On "The View" last week, he kept drawing False Moral Equivalencies ad nauseum, such that ANYTHING conservative Christians were doing to LGBTs was OK, because "Christians were suffering discrimination too" [This is after saying that gay rights were NOT like the Civil Rights Movement, because black people got beat-up whereas...??? Exsqueeze me! This was the same week as Transgender Day of Remembrance, where TG people commemorate our most recent dead. :-( ]

Then today, he was pimping his book on NPR. He interrupted a self-described "Goldwater Republican" caller (who had distinguished an 8 month fetus that everyone would protect, from a first trimester "collection of cells, without consciousness") to virtually SHOUT that it was "an irrefutable FACT" that a "23 chromosome full DNA schedule at conception" (or somesuch---he was full-on RANTING) was a baby w/ full Constitutional rights. Not even addressing the Goldwater guy's point about consciousness, when the caller tried to get a word in after Huckabee's rant, Huckabee shouted again "Don't interrupt me!"

Total and Complete SCUM, is what Mike Huckabee is.

Made in the Image of God, and God have mercy upon him---I'm having trouble right now doing same. :-(

[Part of me really WANTS Huck to run against Obama in '12, so the Prez can "tell your ma, tell your pa" kick his BIGOTED ass back to Arkansas (What I Say!)---and part of me is (still!) just enough paranoid about the American electorate, to think they might buy his brand of bigotry (esp. if the economy hasn't fully recovered by then) :-0]

David said...

Oh yeah, Huckabee is sho' nuff scary. I don't buy the "nice" bit for one instant.

If the likes of Huckabee / Palin / Brownback come up as the winners in the GOP, that'll be a big signal that the party is heading for the fringe and leaving moderate/centrist "Eisenhower Republicans" out in the cold.

Anonymous said...

Oh David, you don't think they are there already?


David said...

More than halfway, IT - which is sad.

Anonymous said...

It is hard to know what will be left after the Republican circular firing squad. Suffice it to say, Huckabee, in taking the hectoring tone as described above, isn't doing himself any favors - those audio clips will be available in any future election. His poor performance this primary makes a comeback unlikely.

Approximately 20-25% of the voting age population is classified as "conservative evangelical", and of those, half are full-on dominionists willing to do anything for political power. The other half is recruitable for political causes, but can be alienated by specific candidates in the general "anti-abortion, anti-gay" cultural conservative group.

Shrill candidates with cultural conservative talking points can bring the nutcases and the dominionists out to the polls, but aren't likely to win outside very conservative states like AR. Point in case, Palin.
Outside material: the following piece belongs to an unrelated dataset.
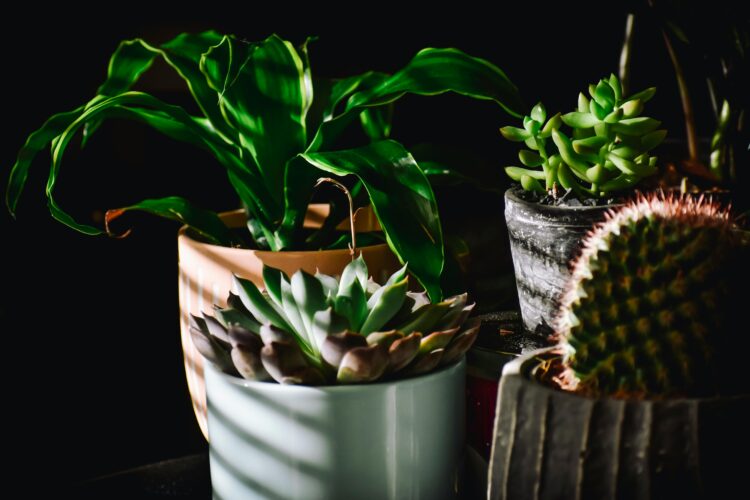 cheerful houseplants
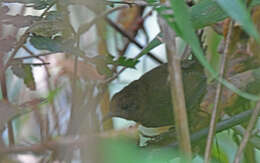 Image of Stile's Tapaculo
She offended more people than she attracted, IMO.

The secularist conservatives used to be the "standard" type of conservatives, who regarded religion as a private matter, necessary to acknowledge as a Good Thing (or actually attend church), but not relevant to policy-making* (* except for promotion overseas as a bulwark against communism). Many of the secularist conservatives were small business owners or relatives of owners, and others were in high-paying white collar jobs in larger businesses.These business oriented individuals typically didn't care about "morality" per se, and they were called "Rockefeller Republicans" or "country club Republicans" when the Dixiecrats switched to the R. party in 1964, and brought religiosity (and bigotry) with them.


Paul M said...

Right wing Christianists will be a major force in the Republican party for some time, if only because they are a major source of votes, money and volunteers. Politics is not a spectator sport, and organizations that can turn out armies of volunteers are always going to have a lot of influence. If secular conservatives want their party back, they are going to have to fight for it. In the mean time, the Republican Party may spend a long time out of power in Washington.

Anonymous said...

Paul M is right. The Christian right had a pre-existing organizational scheme, was experienced at running events (managing a political rally uses the same skills as managing a revival), and had pre-existing and increasingly sophisticated media with wide outreach. These assets are hard to replace.